Molecular mechanism of promoter selection in gene transcription. I. Development of a rapid mixing-photocrosslinking technique to study the kinetics of Escherichia coli RNA polymerase binding to T7 DNA.

A combined rapid mixing-photocrosslinking technique has been developed to investigate the kinetics of the interaction between Escherichia coli RNA polymerase and T7 DNA. The reactants were rapidly mixed in a modified Durrum stopped-flow apparatus, and the intermediates formed at different stages of the binding process were "frozen" by photocrosslinking with a UV light pulse of 10-mus duration at various times after mixing. The results indicate that the initial binding between RNA polymerase and T7 DNA is a diffusion-controlled reaction. Furthermore, the extents of initial contracts with DNA made with the beta, beta', and sigma subunits of RNA polymerase are roughly proportional to the sizes of these subunits, suggesting that complex formation occurs through random collision between the two reactants.
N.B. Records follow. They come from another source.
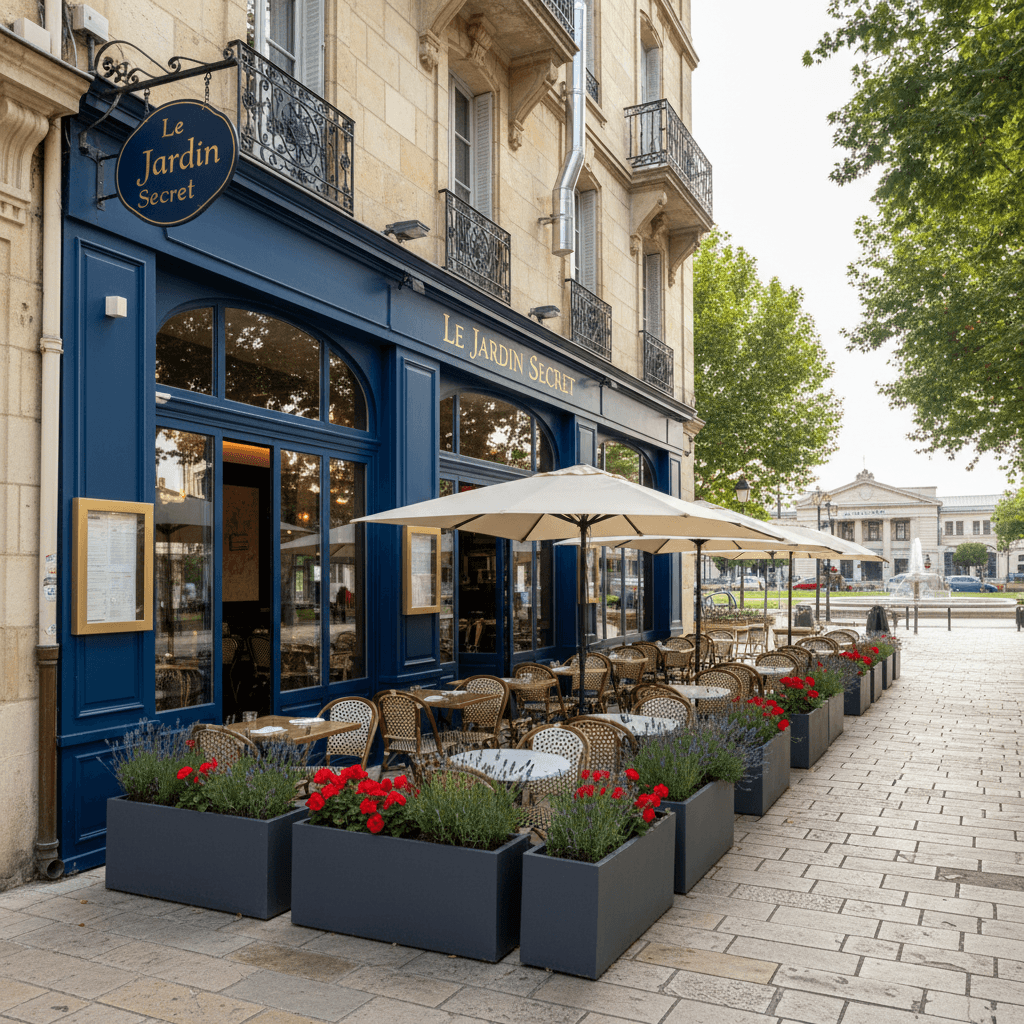Restaurant 170m² à Valence : terrasse - extraction - Image 1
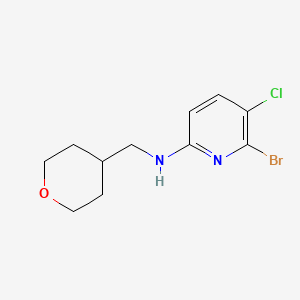 6-bromo-5-chloro-N-((tetrahydro-2H-pyran-4-yl)methyl)pyridin-2-amine
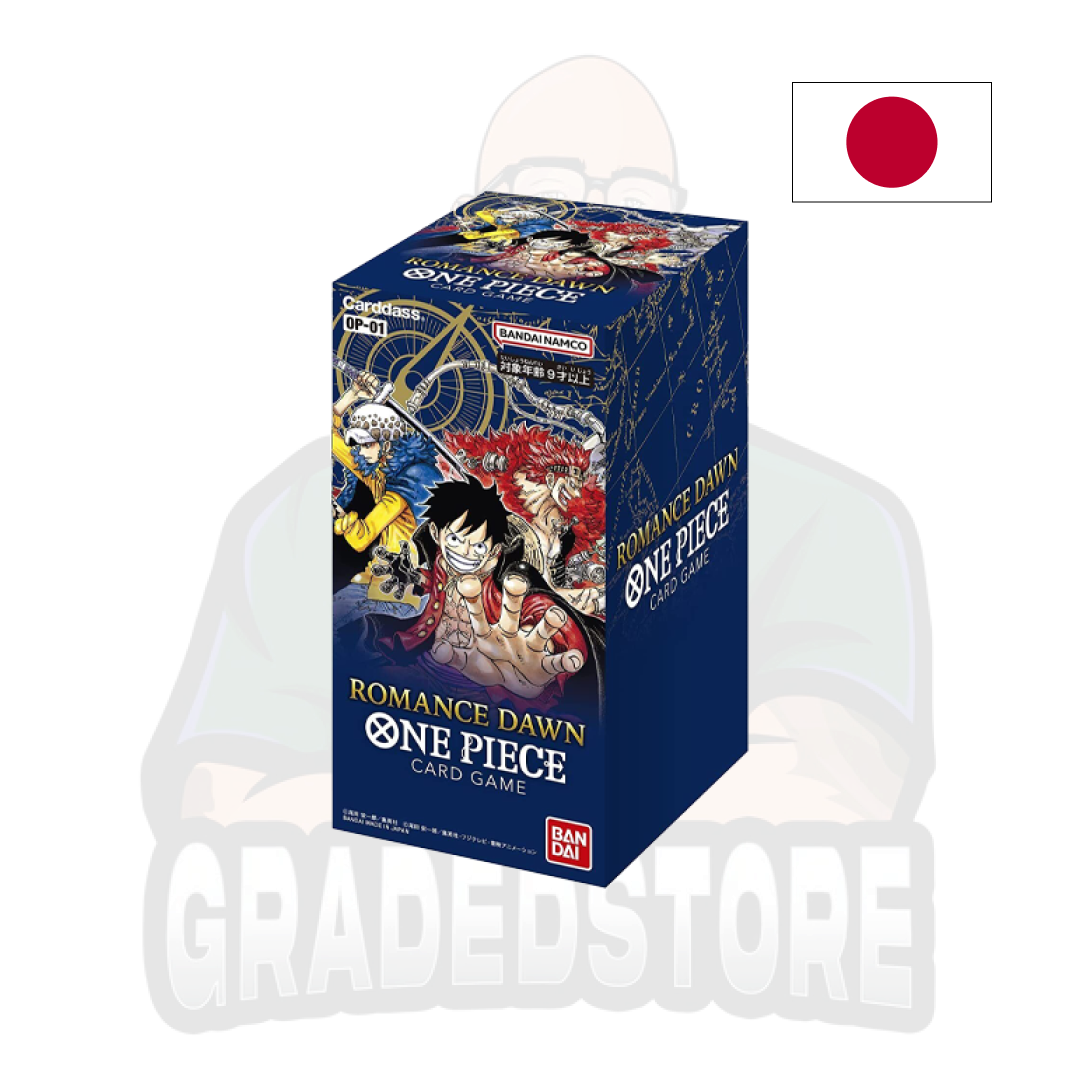 One Piece TCG Romance Dawn OP-01 Booster Box - Bandai Factory Sealed One Piece TCG Romance Dawn OP-01 Booster Box - Bandai Factory Sealed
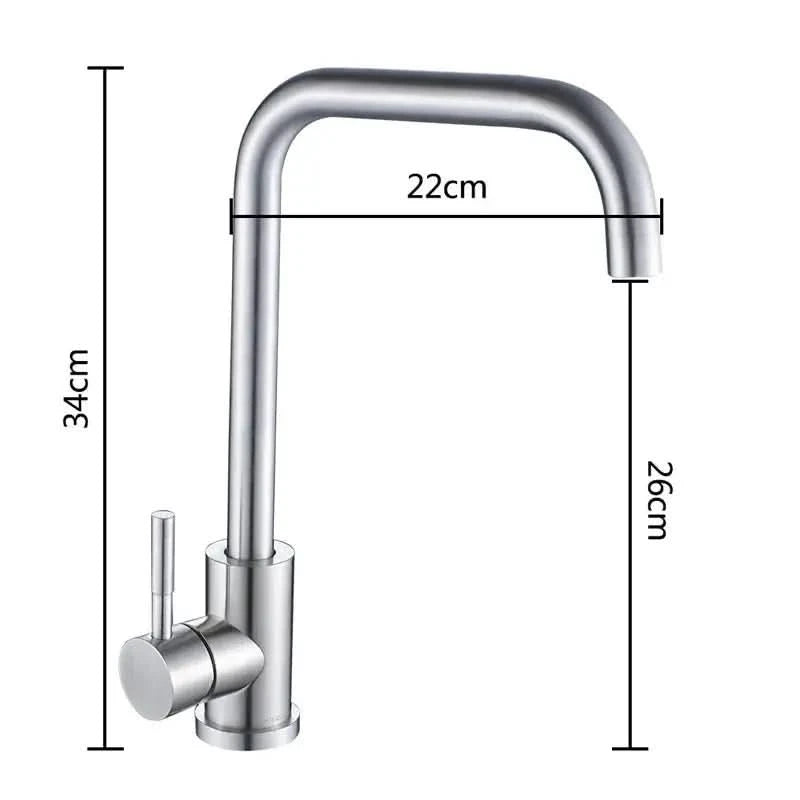 Torneira Monocomando Para Cozinha com Design Moderno e Alta Durabilidade - Morada Serena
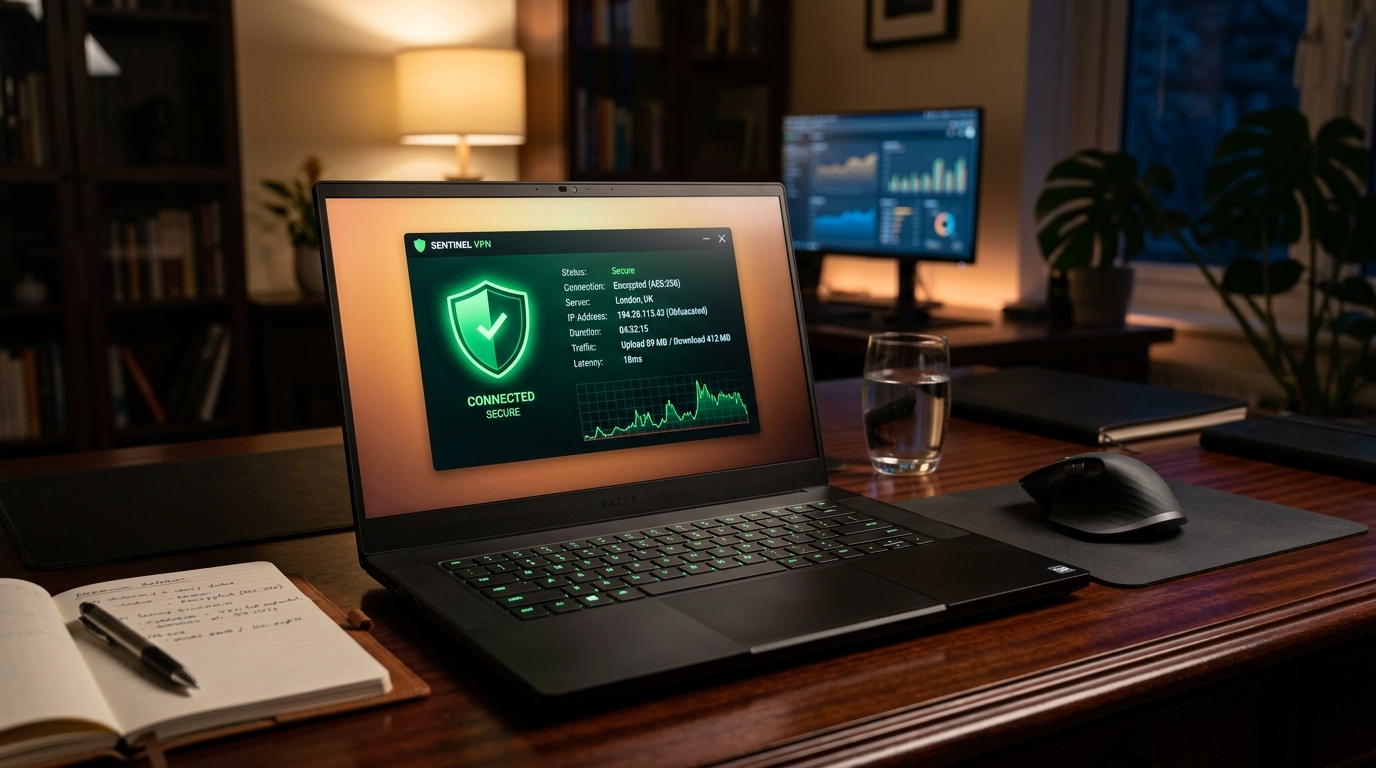 NordVPN Server & Threat Protection Interface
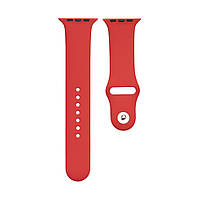 Ремінець для Apple Watch Band Silicone One-Piece Size-S 42/44/45/49 mm УЦІНКА Колір 14, Red g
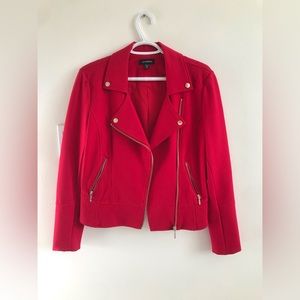 Sexy Le Chateau womens bomber biker jacket red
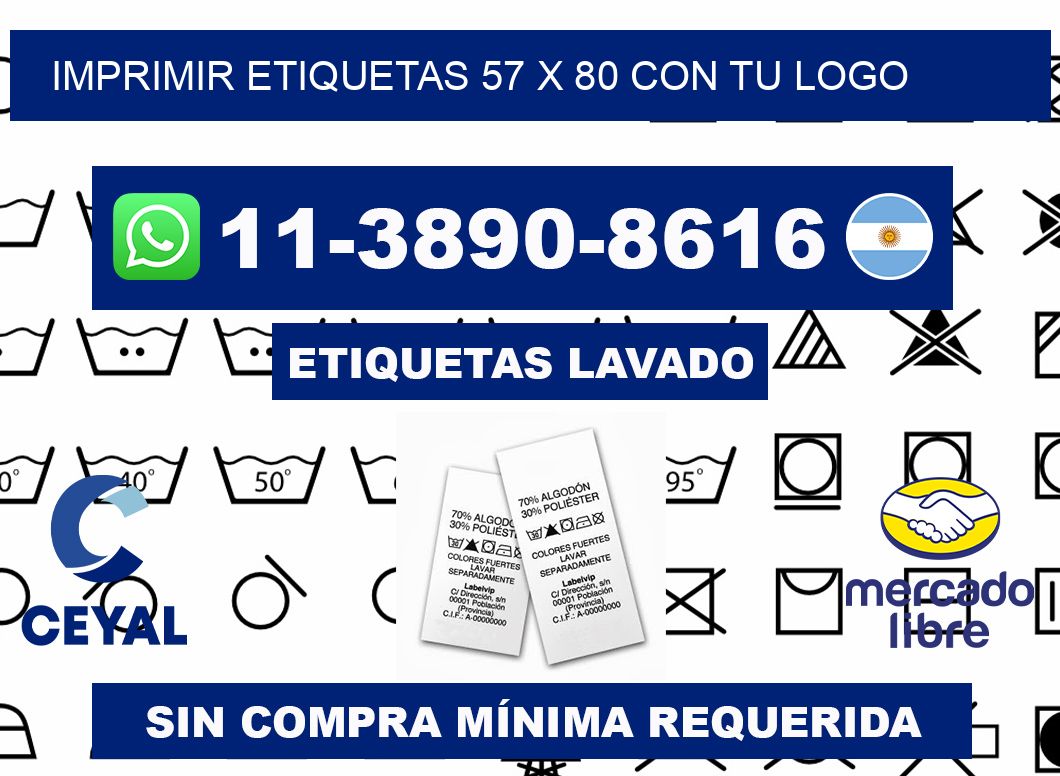 imprimir etiquetas 57 x 80 con tu logo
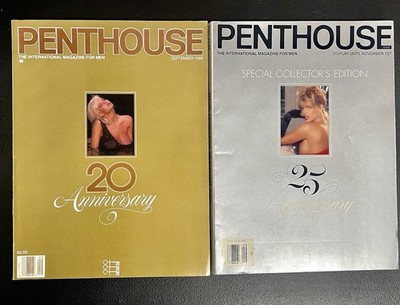PENTHOUSE MAGAZINE 20th And 25th ANNIVERSARY Editions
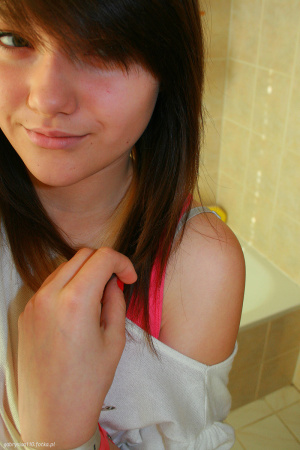 hair, skin, hand, bangs
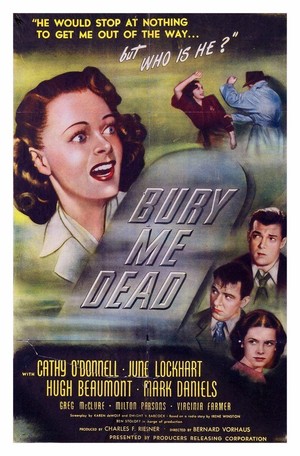 Bury Me Dead (1947) - poster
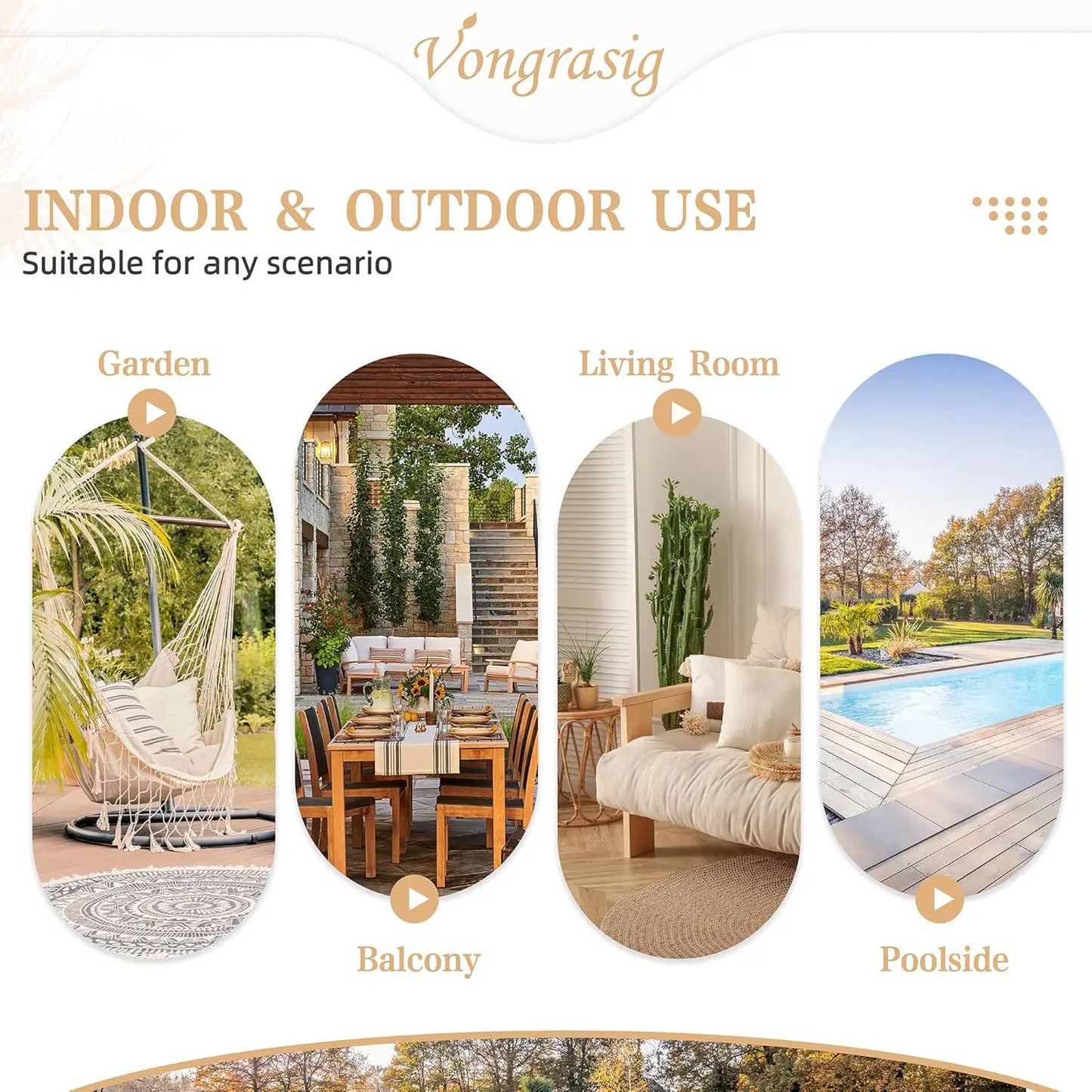 Outdoor/Indoor Egg Chair with Cushion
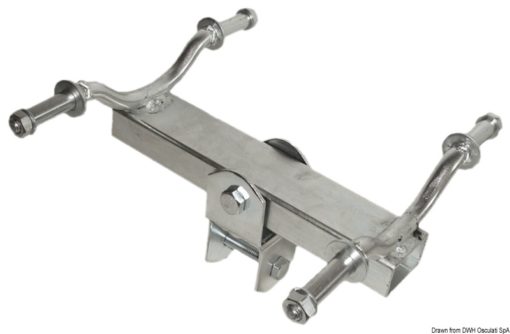 Side roller bracket, raised 40 mm - Artnr: 02.029.33 4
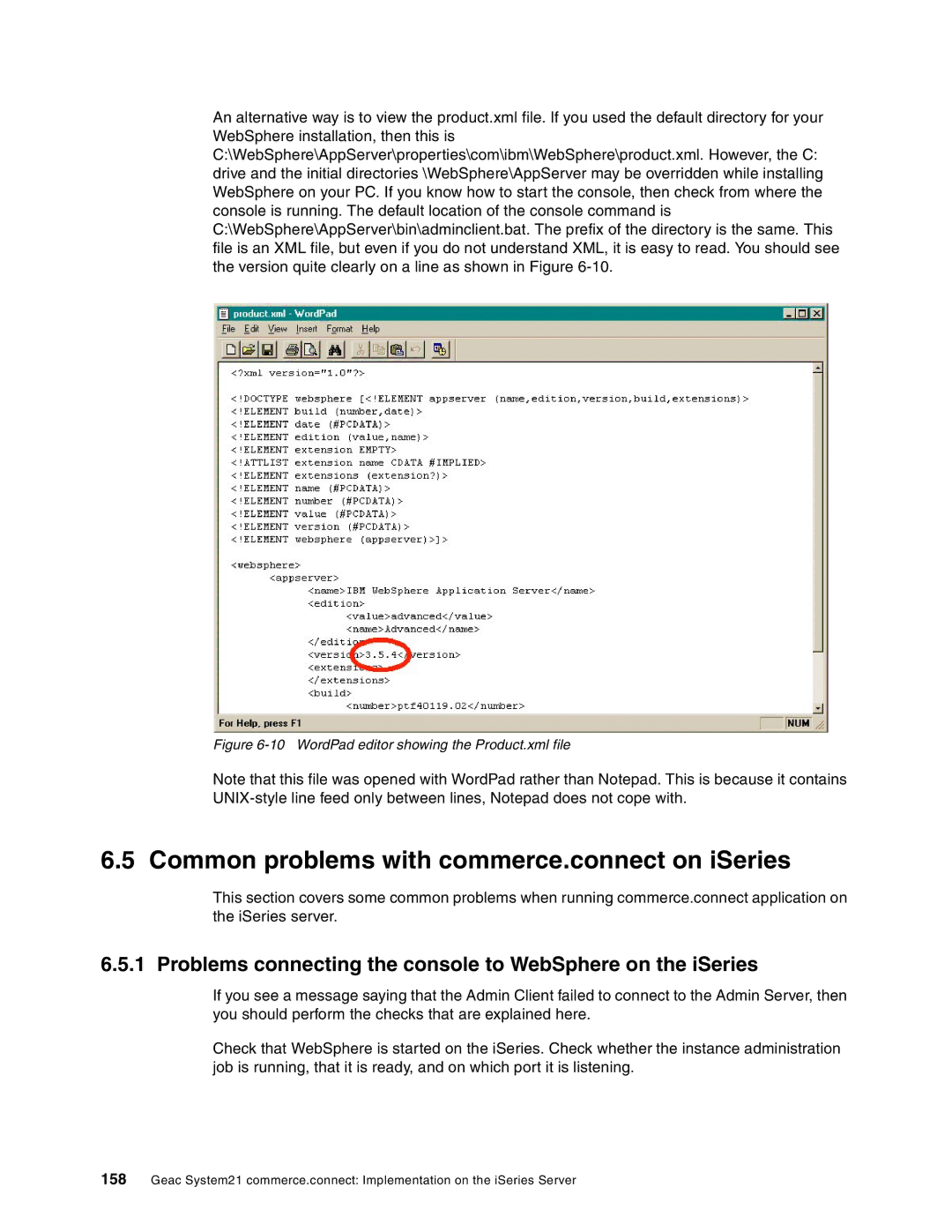 IBM SG24-6526-00 manual Common problems with commerce.connect on iSeries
After the initial complex formation, the rate of transfer of polymerase between individual DNA molecules is slow, implying that the polymerase molecules are undergoing predominantly intramolecular transfer during the promoter search. From the kinetic studies of subunit-DNA contacts during RNA polymerase binding to T7 DNA, it can be inferred that the beta, beta', and sigma subunits are directly participating in the promoter search process.